Tuesday, November 8, 2011

8 Smart tips to avoid monetary worries


The U.S economy has not recovered from the devastating effect of the recent financial crisis. Unemployment rate is still quite high (9%, says the labor department) and consumer debt is soaring. Therefore, it is no wonder that monetary crisis is the foremost problem in most American families these days. Under the circumstance, you need to be smart in money matters. You should follow some simple yet effective rules to say goodbye to fiscal problems. Here are some great money tips for you:

  1. Maintain a rainy day fund: Do you think you don’t need an emergency fund? You are wrong. An unexpected financial crisis can push even a well-off person into debt. It would be great if you can use a high yield savings account for this purpose. Contribute at least twice a month towards your rainy day fund. Make sure that you do not touch this money for trivial reasons.

  2. Get organized: Difficult economic climate demands prudent money management. Therefore, consider keeping your entire financial information in one place. You might take advantage of free services of websites like mint.com. Also, there are several other free personal finance softwares that would allow you to get an idea about your financial health, analyze your finances, and start a budget.

  3. Get rid of your debt: Consumer debt has become a major issue in America. But you can easily come out of it if you follow an effective strategy. For instance, you might want to check out the debt avalanche method, which is advocated by Robert Kiyosaki. According to Mr. Kiyosaki, it is always a wise decision to eliminate the debts with higher rate of interest first.
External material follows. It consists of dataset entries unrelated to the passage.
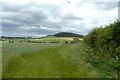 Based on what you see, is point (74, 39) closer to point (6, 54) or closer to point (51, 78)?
point (6, 54)

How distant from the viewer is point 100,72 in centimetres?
1822

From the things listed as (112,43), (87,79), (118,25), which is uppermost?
(118,25)

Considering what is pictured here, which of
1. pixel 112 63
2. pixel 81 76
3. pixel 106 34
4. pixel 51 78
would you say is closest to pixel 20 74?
pixel 51 78

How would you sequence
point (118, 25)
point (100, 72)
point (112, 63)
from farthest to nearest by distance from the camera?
point (118, 25), point (112, 63), point (100, 72)

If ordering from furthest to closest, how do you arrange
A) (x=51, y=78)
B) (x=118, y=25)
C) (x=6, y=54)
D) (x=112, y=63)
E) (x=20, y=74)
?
(x=6, y=54) < (x=118, y=25) < (x=112, y=63) < (x=20, y=74) < (x=51, y=78)

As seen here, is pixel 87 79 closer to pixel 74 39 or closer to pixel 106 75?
pixel 106 75

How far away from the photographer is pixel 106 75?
17.2 meters

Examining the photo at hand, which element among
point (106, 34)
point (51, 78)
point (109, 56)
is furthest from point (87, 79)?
point (106, 34)

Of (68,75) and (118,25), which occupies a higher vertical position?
(118,25)

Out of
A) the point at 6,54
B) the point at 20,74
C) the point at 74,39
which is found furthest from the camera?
the point at 74,39

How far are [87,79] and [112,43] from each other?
9030 millimetres

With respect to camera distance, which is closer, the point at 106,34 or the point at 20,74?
the point at 20,74

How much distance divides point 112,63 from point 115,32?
3.55 metres

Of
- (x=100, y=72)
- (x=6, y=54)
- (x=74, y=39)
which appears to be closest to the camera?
(x=100, y=72) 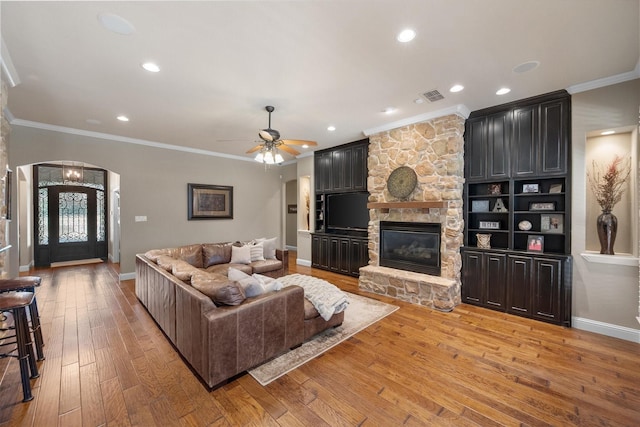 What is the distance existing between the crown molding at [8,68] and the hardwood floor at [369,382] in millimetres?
2931

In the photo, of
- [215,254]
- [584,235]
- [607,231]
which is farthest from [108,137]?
[607,231]

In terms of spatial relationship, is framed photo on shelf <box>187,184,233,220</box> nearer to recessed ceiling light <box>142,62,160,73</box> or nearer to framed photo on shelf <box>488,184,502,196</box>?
recessed ceiling light <box>142,62,160,73</box>

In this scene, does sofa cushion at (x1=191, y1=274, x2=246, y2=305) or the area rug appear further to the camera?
the area rug

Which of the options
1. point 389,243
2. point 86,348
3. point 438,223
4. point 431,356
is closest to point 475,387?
point 431,356

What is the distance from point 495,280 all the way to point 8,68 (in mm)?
6516

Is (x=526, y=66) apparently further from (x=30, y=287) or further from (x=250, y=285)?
(x=30, y=287)

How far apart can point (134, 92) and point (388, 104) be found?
11.4 ft

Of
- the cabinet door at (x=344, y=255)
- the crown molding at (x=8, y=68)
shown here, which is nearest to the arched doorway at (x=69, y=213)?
the crown molding at (x=8, y=68)

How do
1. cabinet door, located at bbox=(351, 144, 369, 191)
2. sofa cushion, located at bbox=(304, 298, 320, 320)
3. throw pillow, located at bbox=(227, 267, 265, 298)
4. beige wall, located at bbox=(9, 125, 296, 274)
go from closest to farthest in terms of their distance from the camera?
1. throw pillow, located at bbox=(227, 267, 265, 298)
2. sofa cushion, located at bbox=(304, 298, 320, 320)
3. beige wall, located at bbox=(9, 125, 296, 274)
4. cabinet door, located at bbox=(351, 144, 369, 191)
If you stick to this strategy, you are bound to get out of debt within a reasonable period of time, and you would also be able to save money.

  4. Debt consolidation: Depending on your situation this can be a good move. Debt consolidation refers to merging all your debts and paying them off by taking a single loan. This debt relief process works best for people with several credit card debts. The best thing about debt consolidation is that it does not hurt your credit rating.
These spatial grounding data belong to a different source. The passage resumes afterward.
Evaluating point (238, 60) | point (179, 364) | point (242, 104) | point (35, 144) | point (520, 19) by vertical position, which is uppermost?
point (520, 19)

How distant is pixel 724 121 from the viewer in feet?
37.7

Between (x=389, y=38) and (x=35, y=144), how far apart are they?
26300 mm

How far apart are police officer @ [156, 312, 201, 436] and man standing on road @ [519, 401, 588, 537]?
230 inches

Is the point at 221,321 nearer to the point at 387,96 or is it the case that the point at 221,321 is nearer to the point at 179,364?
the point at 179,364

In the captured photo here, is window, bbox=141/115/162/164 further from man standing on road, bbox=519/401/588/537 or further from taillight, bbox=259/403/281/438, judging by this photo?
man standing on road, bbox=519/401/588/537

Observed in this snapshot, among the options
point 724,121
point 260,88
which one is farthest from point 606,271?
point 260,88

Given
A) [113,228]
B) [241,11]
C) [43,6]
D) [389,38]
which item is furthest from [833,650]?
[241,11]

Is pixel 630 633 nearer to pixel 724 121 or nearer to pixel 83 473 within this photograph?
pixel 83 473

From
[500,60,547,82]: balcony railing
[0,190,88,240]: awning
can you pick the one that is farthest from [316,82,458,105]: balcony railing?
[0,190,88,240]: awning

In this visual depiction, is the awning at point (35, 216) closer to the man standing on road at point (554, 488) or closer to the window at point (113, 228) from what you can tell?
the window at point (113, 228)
  5. Do not mess with retirement accounts: Your debt payments are important. So are your everyday expenses. But that does not mean you will borrow from your retirement account. Retirement accounts like 401(k) guarantee you a secure future. They would help you to support yourself and your family when your income drastically drops after retirement. Consider liquating 401(k) and other similar accounts only to avoid serious situations like bankruptcy.

  6. Hire a financial advisor if you can: A lot of people believe that financial advisors are exclusively for extremely rich people. This is a rather misleading theory. You certainly do not need to hire a FA with extremely high fees. But hiring someone with reasonable fees might pay off. A FA can spice up your investment strategies and help you to reap huge profits.
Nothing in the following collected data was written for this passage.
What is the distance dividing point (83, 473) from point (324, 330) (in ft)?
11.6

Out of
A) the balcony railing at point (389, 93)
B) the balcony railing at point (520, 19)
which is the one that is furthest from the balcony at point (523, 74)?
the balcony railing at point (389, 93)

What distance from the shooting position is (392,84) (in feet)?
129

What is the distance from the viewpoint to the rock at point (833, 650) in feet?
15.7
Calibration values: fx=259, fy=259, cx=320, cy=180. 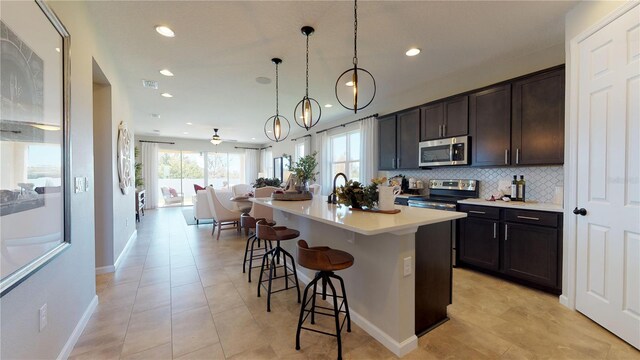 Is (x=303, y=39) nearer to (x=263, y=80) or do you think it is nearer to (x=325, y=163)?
(x=263, y=80)

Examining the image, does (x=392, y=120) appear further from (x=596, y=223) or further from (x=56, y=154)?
(x=56, y=154)

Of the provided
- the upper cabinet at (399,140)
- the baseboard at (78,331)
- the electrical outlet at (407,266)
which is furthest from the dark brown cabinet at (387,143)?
the baseboard at (78,331)

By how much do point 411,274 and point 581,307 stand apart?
1721 millimetres

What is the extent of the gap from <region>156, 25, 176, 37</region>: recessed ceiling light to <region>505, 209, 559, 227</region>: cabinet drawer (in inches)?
159

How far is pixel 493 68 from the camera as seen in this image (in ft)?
11.3

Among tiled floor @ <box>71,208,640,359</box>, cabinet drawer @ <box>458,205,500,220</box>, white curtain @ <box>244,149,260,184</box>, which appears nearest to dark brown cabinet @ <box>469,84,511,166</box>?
cabinet drawer @ <box>458,205,500,220</box>

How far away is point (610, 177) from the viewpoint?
6.49 feet

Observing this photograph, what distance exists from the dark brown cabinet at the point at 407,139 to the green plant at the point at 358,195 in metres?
2.28

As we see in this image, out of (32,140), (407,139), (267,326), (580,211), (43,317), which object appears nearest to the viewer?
(32,140)

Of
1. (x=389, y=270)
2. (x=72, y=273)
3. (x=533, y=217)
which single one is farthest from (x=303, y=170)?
(x=533, y=217)

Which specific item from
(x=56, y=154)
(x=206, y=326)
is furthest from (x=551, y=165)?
(x=56, y=154)

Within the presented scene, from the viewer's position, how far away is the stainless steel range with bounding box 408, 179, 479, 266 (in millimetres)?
3420

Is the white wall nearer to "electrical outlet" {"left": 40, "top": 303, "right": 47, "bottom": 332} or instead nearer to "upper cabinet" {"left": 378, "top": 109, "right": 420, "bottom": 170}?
"electrical outlet" {"left": 40, "top": 303, "right": 47, "bottom": 332}

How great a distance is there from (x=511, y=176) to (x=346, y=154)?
357 cm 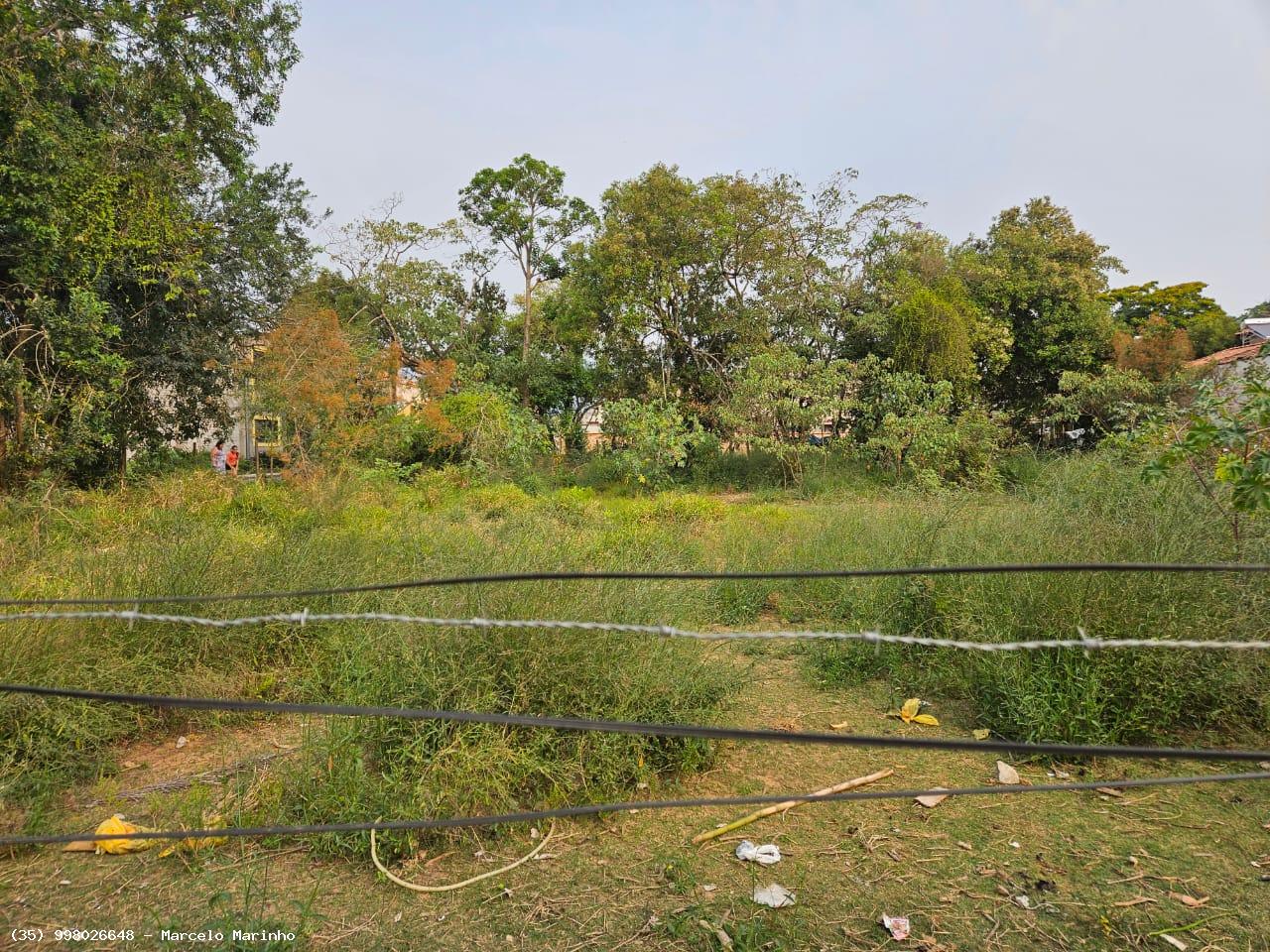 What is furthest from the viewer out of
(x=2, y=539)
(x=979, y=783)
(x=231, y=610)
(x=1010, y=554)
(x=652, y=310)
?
(x=652, y=310)

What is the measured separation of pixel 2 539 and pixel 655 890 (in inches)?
222

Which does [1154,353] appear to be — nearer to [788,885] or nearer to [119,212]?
[788,885]

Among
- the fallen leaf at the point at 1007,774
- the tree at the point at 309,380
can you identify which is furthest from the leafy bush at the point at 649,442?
the fallen leaf at the point at 1007,774

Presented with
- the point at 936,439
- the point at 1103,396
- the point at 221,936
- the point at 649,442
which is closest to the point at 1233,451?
the point at 221,936

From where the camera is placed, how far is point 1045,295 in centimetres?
1520

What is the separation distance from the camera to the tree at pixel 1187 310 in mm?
20719

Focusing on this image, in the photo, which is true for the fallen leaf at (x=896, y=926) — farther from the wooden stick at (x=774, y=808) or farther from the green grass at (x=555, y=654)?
the green grass at (x=555, y=654)

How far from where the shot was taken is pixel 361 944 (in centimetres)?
207

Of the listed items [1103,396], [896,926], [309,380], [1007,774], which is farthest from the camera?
[1103,396]

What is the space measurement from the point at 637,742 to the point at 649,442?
958 centimetres

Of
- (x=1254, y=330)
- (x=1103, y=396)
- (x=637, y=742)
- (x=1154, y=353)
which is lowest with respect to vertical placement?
(x=637, y=742)

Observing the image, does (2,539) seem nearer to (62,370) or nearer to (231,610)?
(231,610)

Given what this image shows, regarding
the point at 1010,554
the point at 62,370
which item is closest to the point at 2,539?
the point at 62,370

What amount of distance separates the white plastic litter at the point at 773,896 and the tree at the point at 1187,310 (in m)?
22.9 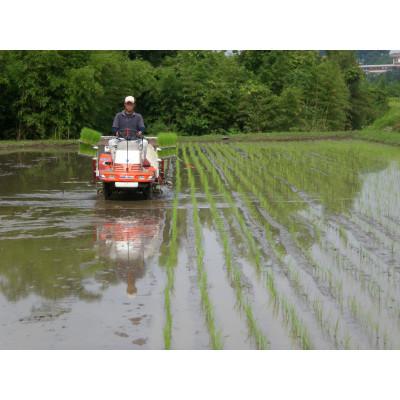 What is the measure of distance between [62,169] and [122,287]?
1032 centimetres

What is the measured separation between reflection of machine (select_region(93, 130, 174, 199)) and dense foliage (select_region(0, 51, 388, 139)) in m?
16.1

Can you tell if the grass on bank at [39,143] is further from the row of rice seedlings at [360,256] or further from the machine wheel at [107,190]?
the row of rice seedlings at [360,256]

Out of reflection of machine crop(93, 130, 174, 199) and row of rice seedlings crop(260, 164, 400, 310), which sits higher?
reflection of machine crop(93, 130, 174, 199)

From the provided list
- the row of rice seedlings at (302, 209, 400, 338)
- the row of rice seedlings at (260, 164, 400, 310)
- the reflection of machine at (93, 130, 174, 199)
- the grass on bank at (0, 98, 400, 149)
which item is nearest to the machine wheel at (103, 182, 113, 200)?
the reflection of machine at (93, 130, 174, 199)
  7. Be careful with stocks: Stocks can make you a millionaire, but they can ruin you too. Remember that investment in stocks demand a certain level of expertise and a thorough knowledge of the market. If you are a newbie, but you want to put your money in stocks then better invest a small amount to play safe.

  8. Set short term and long term goals: It is very important to have a clear idea about what you want from life. So make a list of your goals and make plans accordingly. Are you planning to buy a house? Do you want to retire early? Are you determined to save for your child’s higher education? These are goals which require planning. So make your moves carefully.

Money management is a very tricky business. So you should always remember the above tips and maintain fiscal discipline while managing your finances.